This package provides support for the foreach looping construct. Foreach is an idiom that allows for iterating over elements in a collection, without the use of an explicit loop counter. The main reason for using this package is that it supports parallel execution, that is, it can execute repeated operations on multiple processors/cores on your computer, or on multiple nodes of a cluster. Many different adapters exist to use foreach with a variety of computational backends, including:
- doParallel: execute foreach loops on clusters created with base R's parallel package
- doFuture: using the future framework
- doRedis: on a Redis database
- doAzureParallel: on a compute cluster in Azure
- and more.
A basic for
loop in R that fits a set of models:
dat_list <- split(iris, iris$Species)
mod_list <- vector("list", length(dat_list))
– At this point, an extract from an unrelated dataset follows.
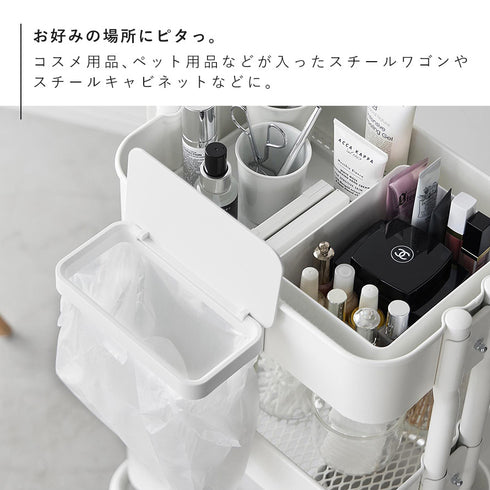 ワゴンに付けられるマグネット蓋付きポリ袋ホルダー.|s7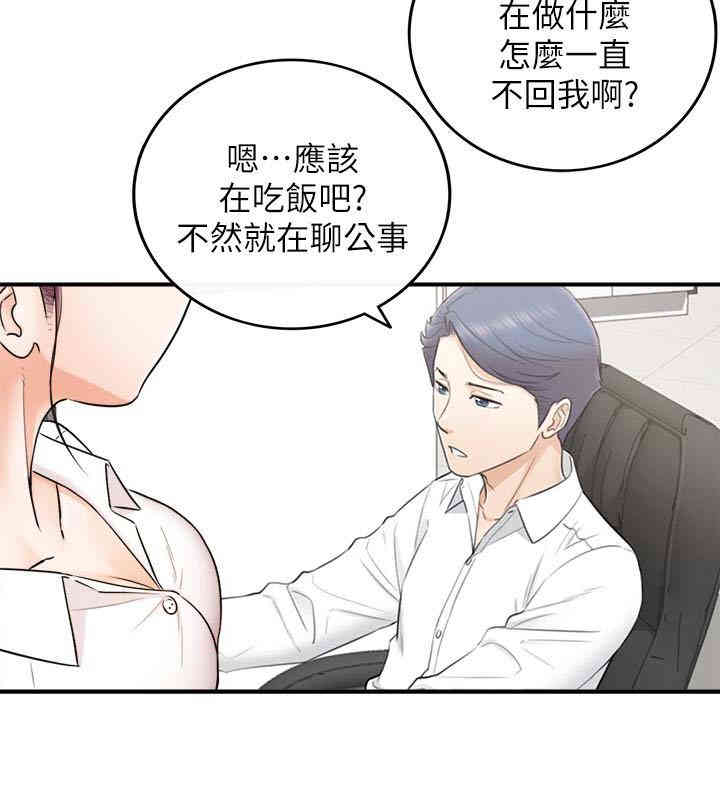 第21张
for(i in seq_along(dat_list)) {
mod_list[[i]] <- lm(Sepal.Length ~ Sepal.Width + Petal.Length + Petal.Width, data=dat_list[[i]])
}
The same using foreach:
library(foreach)
mod_list2 <- foreach(dat=dat_list) %do% {
lm(Sepal.Length ~ Sepal.Width + Petal.Length + Petal.Width, data=dat)
}
The same, but fit in parallel on a background cluster. We change the %do%
operator to %dopar%
to indicate parallel processing.
library(doParallel)
registerDoParallel(3)
mod_list2 <- foreach(dat=dat_list) %dopar% {
lm(Sepal.Length ~ Sepal.Width + Petal.Length + Petal.Width, data=dat)
}
stopImplicitCluster()